A mother of five, with a sixth on the way, Cooper said she has “expenses like you wouldn’t believe.”

Struggling to meet those expenses in a sinking economy she bristles at immigrants who, she believes, “can get everything and anything they need.”

“We are not racist,” Cooper added. “We have nothing against these people except that they didn’t follow the rules.”

Propping up signs that were blown over repeatedly by the brisk fall breeze, Cooper said she was disappointed her friends wouldn’t join her.

“I tried,” she lamented. “They didn’t want to have anything to do with it. There are not enough people here. Other than the skinheads, it’s just us.”

Back on the church lawn people were readying themselves for the arrival of the Freedom Riders. In a stark contrast to the protesters across the street, several people held colorful signs that declared, “Indy Welcomes Immigrants.”

And it was into a sea of support that the buses finally arrived. Immediately one of the bus riders led the crowd in a song as they marched to the church gymnasium for lunch and a brief rally before heading on to Columbus, Ohio.

Inside the gym, the atmosphere vacillated wildly from electric to somber.

“When we gather together in a hall like this demonstrating our solidarity,” declared Noel Beasley, international vice president of UNITE!, “we are the direct contradiction of those unfortunate, misguided individuals across the street.”

Rene Guerrero, an Indianapolis member of UNITE! and himself an immigrant from Mexico, testified to the gravity of the Freedom Riders’ mission. “Many of us have gone through the struggle of coming here to the United States. We have faced the suffering and the penalties. And we have undertaken a very difficult choice to be here to work in order feed our families back home instead of being with them.

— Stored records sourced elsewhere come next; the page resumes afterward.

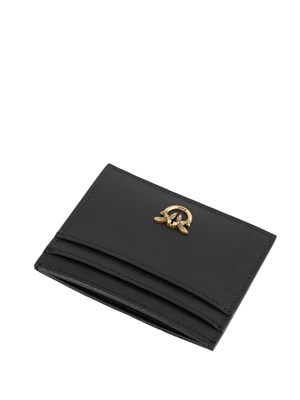 Portacarte Pinko in pelle nera in DONNA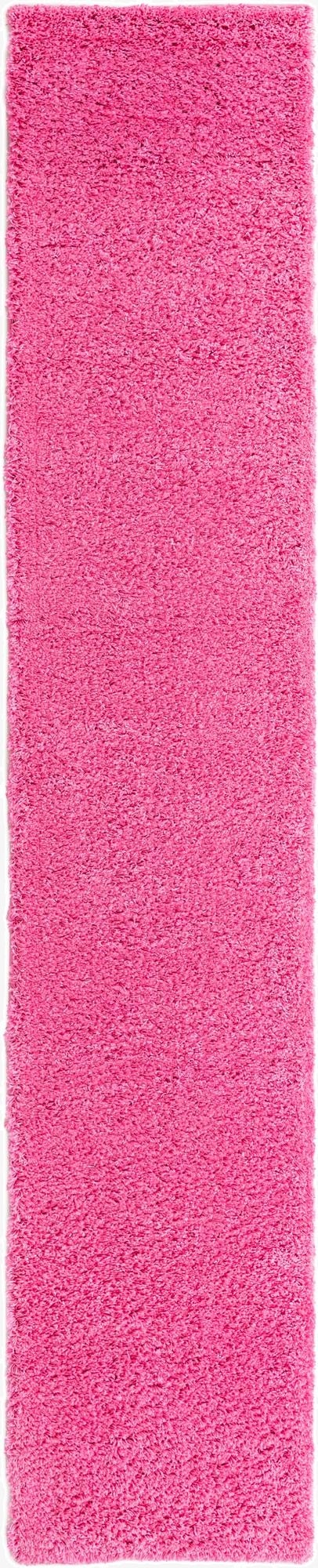 80cm x 400cm Solid Shag Runner Rug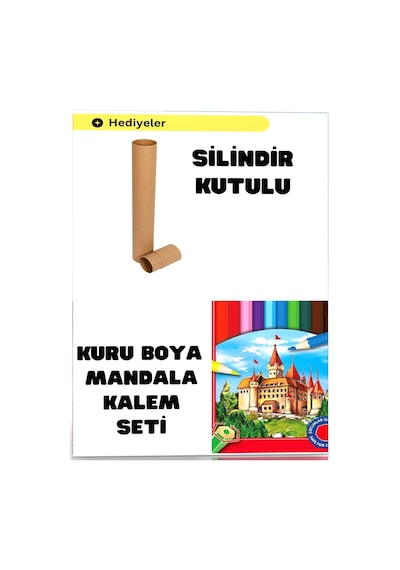 Çocuklar İçin Mandala Boyama Seti-1 20 Süper Poster Mandala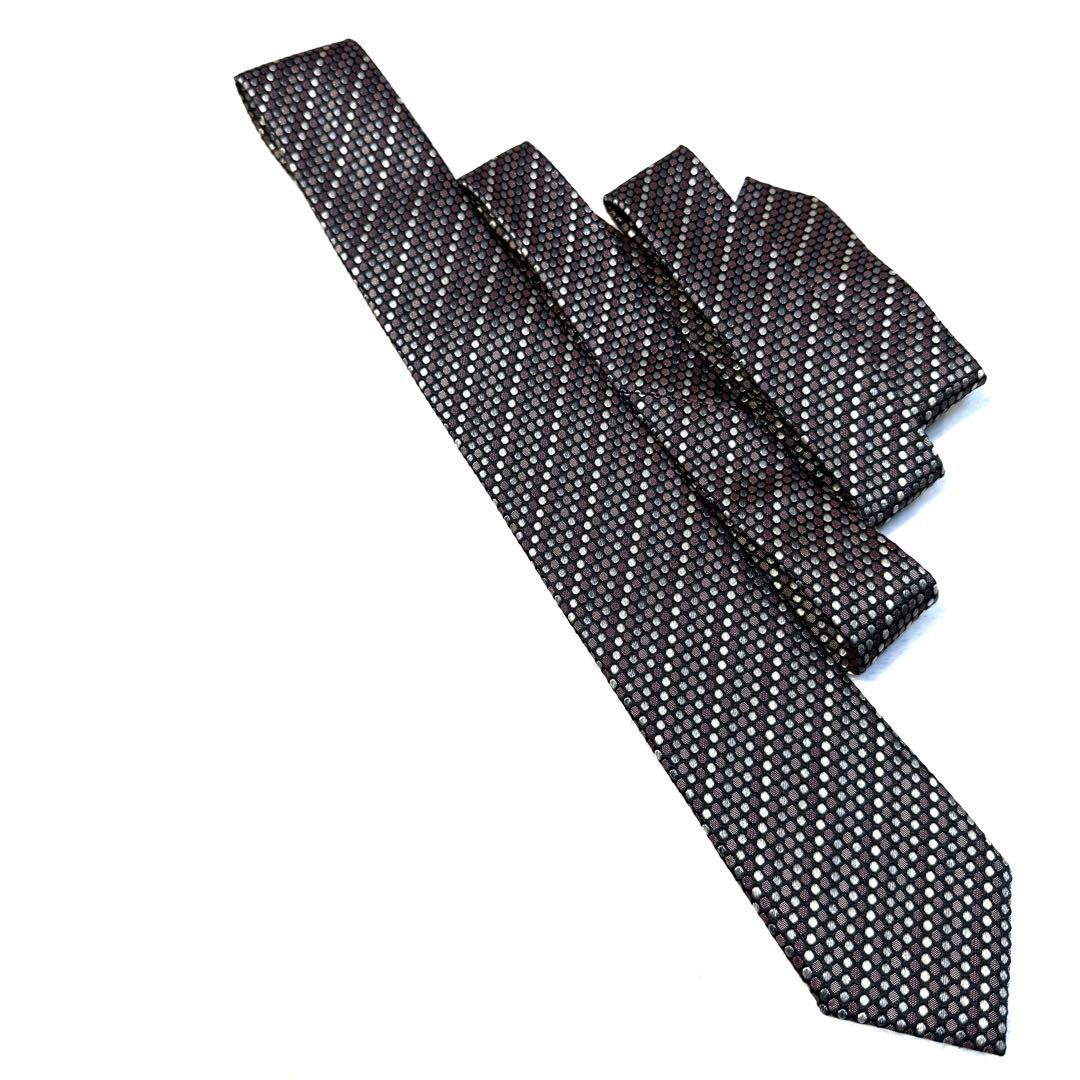 【限定価格】エルメネジルドゼニア　ナロータイ　ストライプ　ドット　レジメンタル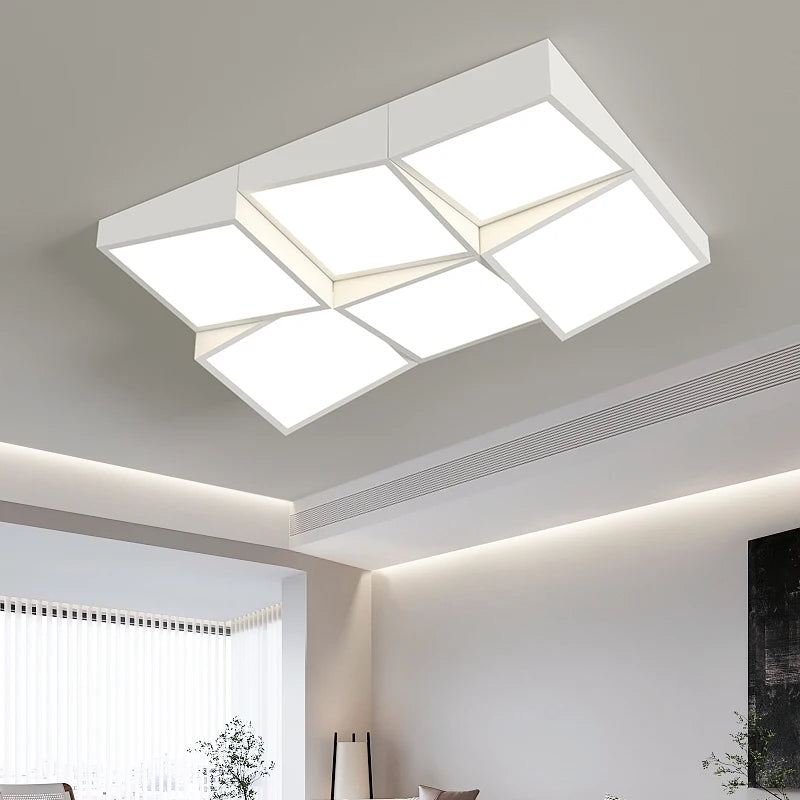 Modern acrylic and aluminium chandelier for interior decoration
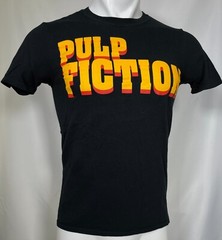 Pulp Fiction 90’s Retro Logo Movie Promo T-Shirt Men’s SMALL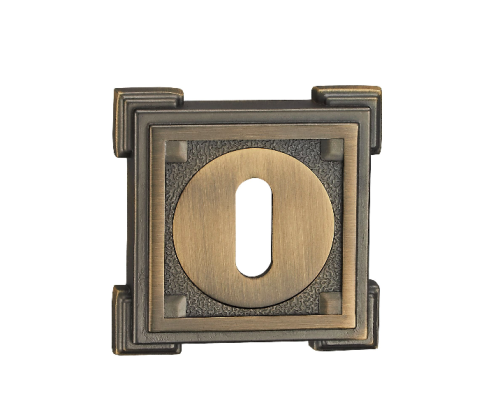 Накладка под сувальдный ключ RENZ INOB 19 MAB бронза античная матовая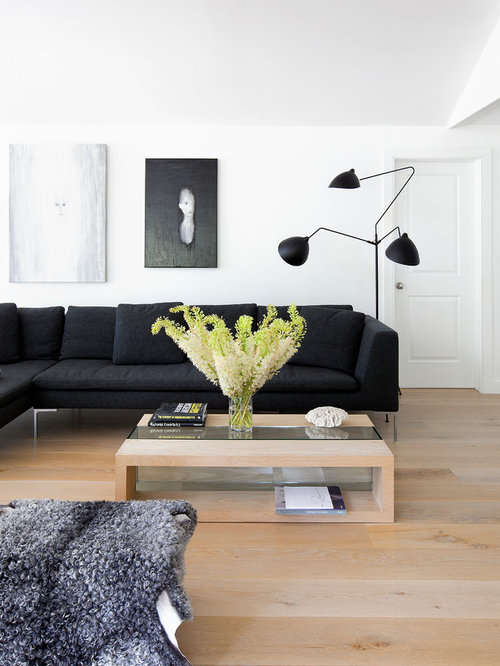 Light Wood Floor Living Room | Houzz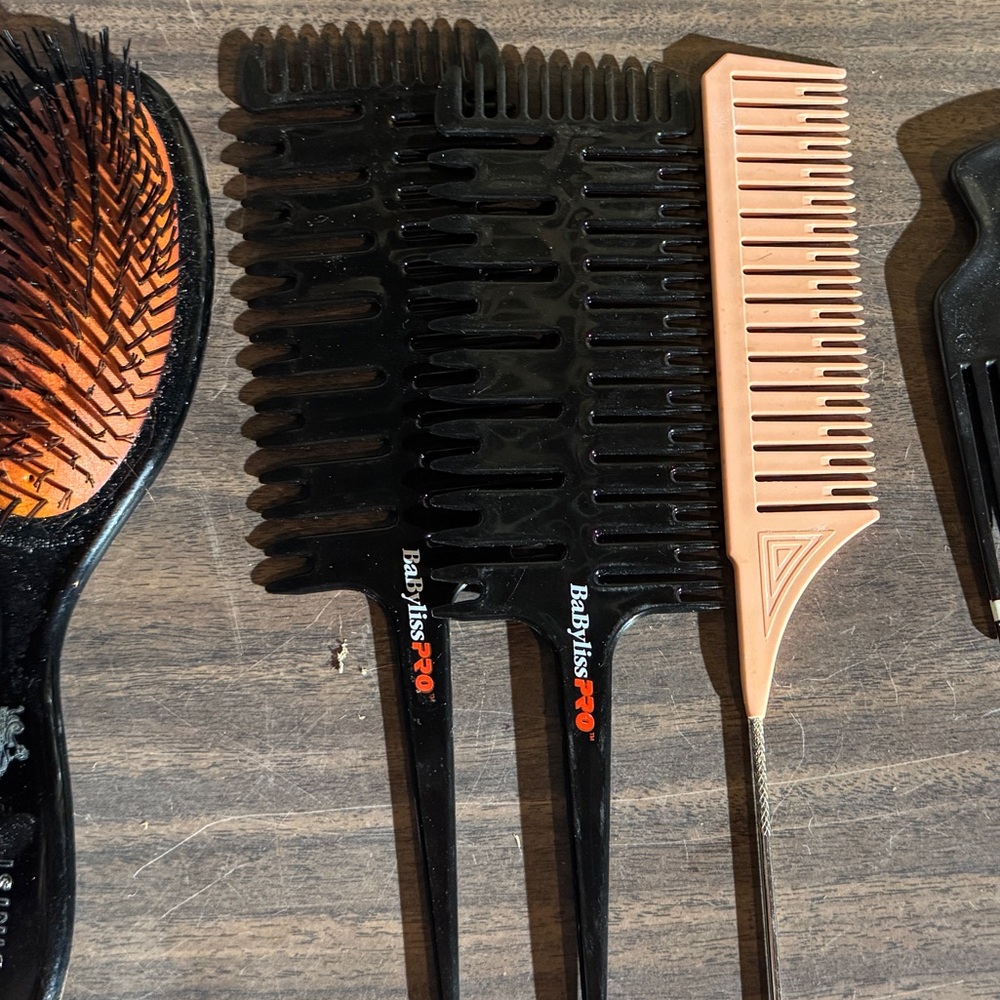 BaByliss Black and Tan Comb Trio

“It’s a very difficult choice. I’ve made the choice. I am here, away from my family and my loved ones.

“We would all like to have better lives,” Guerrero continued, “where we don’t fear our employers, where we don’t fear the police, where we don’t fear for our lives. We would like to have our families here, we would like to have our families reunified, we would like to be enjoying the benefits of being citizens of the United States.

“I want to thank the immigrant workers for being here,” he said. “I want to commend you for your bravery. I am very proud of what is happening here today.”

Ara Celi Zarate, a worker from Minneapolis, echoed Guerrero’s call for family reunification, “I have two children here and two children in Mexico,” she told the crowd. “We are asking that you support us and that you help us so that we can have our families together. I work very hard to maintain my family and I am going to keep struggling so that we have a place and that one day we will be together.”

Zarate’s plea was met with cheers from the many immigrant workers in the audience.

Pearly Dean, an African-American rider also from Minneapolis, brought the enthusiastic crowd to its feet when she promised, “This is just the beginning. We’re not going to stop until every person has freedom and the right to speak and to work and not work in conditions that are unsafe, where you are afraid of being deported. We’re going to change some things.

“They say this is the land of the free,” she added. “Well, we’re gonna make it the land of the free.”

Salvador Aguilar, an Indianapolis resident and organizer for the United Steel Workers, put the ride in a historical context:

“We believe what you are doing is an extension of the civil rights movement of the ’60s. This is not something new. What’s sad is that the people who are standing outside, the people who oppose amnesty and what you’re trying to do -- what we’re all trying to do -- are the descendents of the people who fled to this country to escape the very [exploitation and abuse] that we’re fighting against.

“We need to tell them loudly that we will continue to march, we will continue to fight. Whatever it takes in this struggle until the day that every man and every woman in this country is treated equally the way God intended it to be.

“We cannot lose,” Aguilar concluded. “America can’t afford to let us lose.”

Jeff Guntzel is a freelance writer who lives in Chicago.